## Work item
Write out all of the entries that follow, word for word, but skip the pictures.

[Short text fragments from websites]
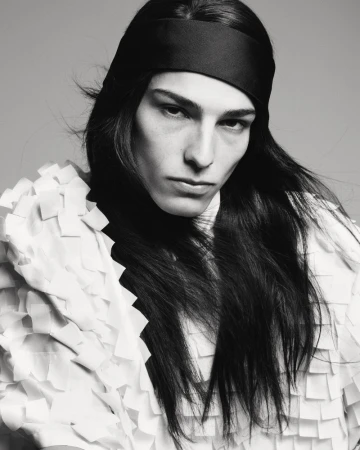 Monochromatic portrait of a model with long dark hair and a black headband, wearing a textured white top against a neutral backdrop.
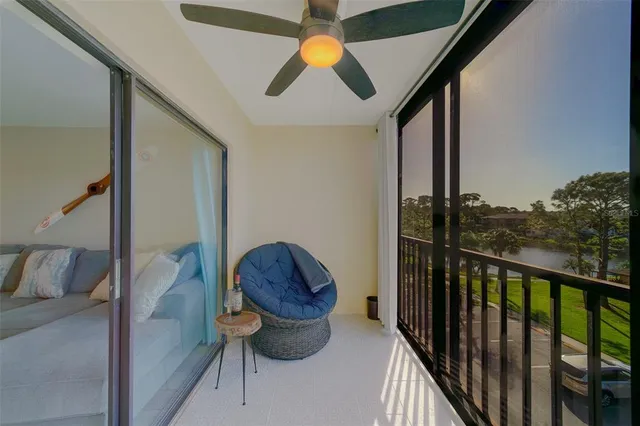 a en suite bathroom with a granite countertop sink and a mirror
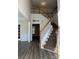 Bright foyer featuring hardwood floors, staircase, and ample natural light at 6827 Neuhoff Ln, Charlotte, NC 28269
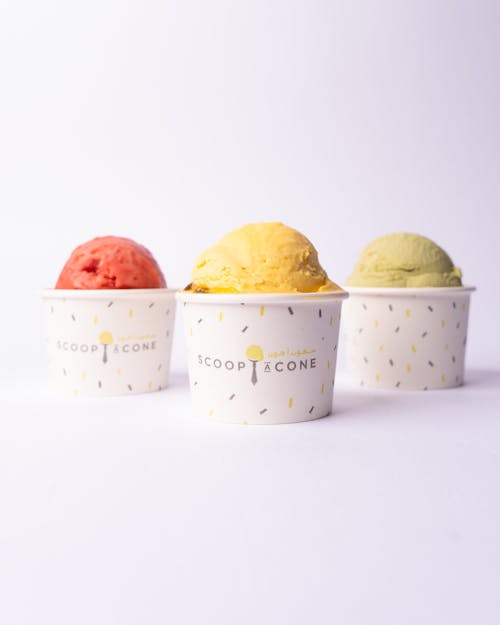 Three different flavors of ice cream in paper cups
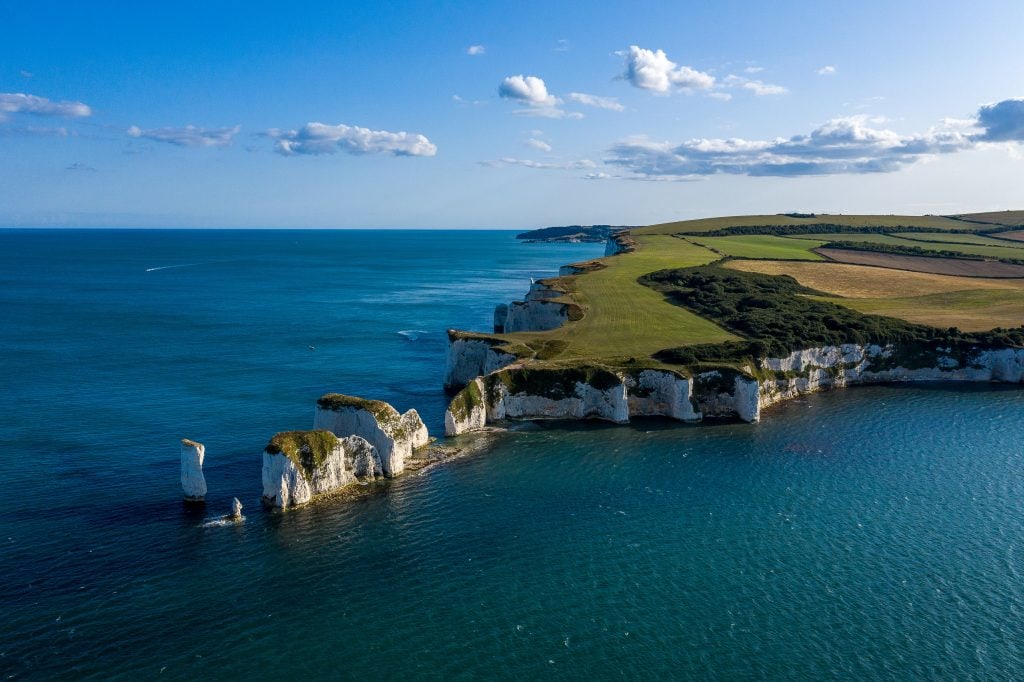 aerial shot of a grass topped headland with white cliffs surrounded by blue sea on a sunny day. A series of white chalk stacks extend out into the sea, some of them have a fuzz of green grass on top. The isle of purbeck is one of the best things to do near bournemouth. 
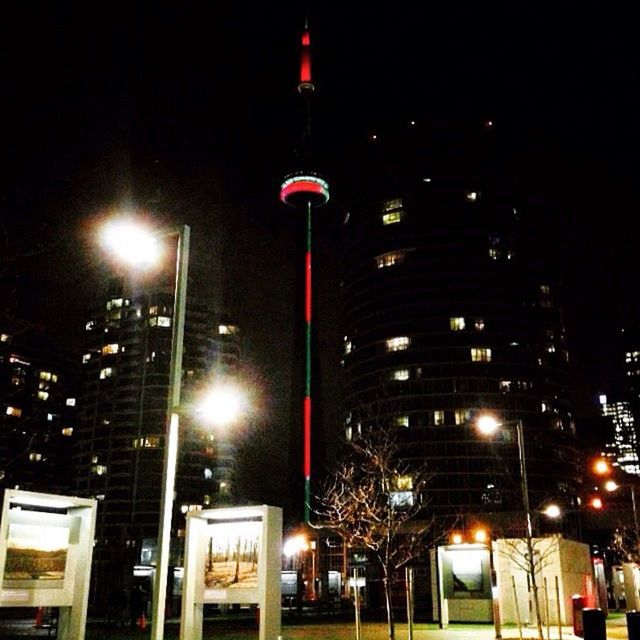 LOW ANGLE VIEW OF MODERN BUILDING AT NIGHT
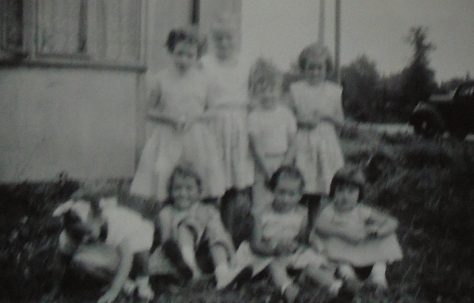 Group of eight children in front of Uni-Seco prefab, Silver End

## Finished task
 Monochromatic portrait of a model with long dark hair and a black headband, wearing a textured white top against a neutral backdrop.
 a en suite bathroom with a granite countertop sink and a mirror
 Bright foyer featuring hardwood floors, staircase, and ample natural light at 6827 Neuhoff Ln, Charlotte, NC 28269
 Three different flavors of ice cream in paper cups
 aerial shot of a grass topped headland with white cliffs surrounded by blue sea on a sunny day. A series of white chalk stacks extend out into the sea, some of them have a fuzz of green grass on top. The isle of purbeck is one of the best things to do near bournemouth. 
 LOW ANGLE VIEW OF MODERN BUILDING AT NIGHT
 Group of eight children in front of Uni-Seco prefab, Silver End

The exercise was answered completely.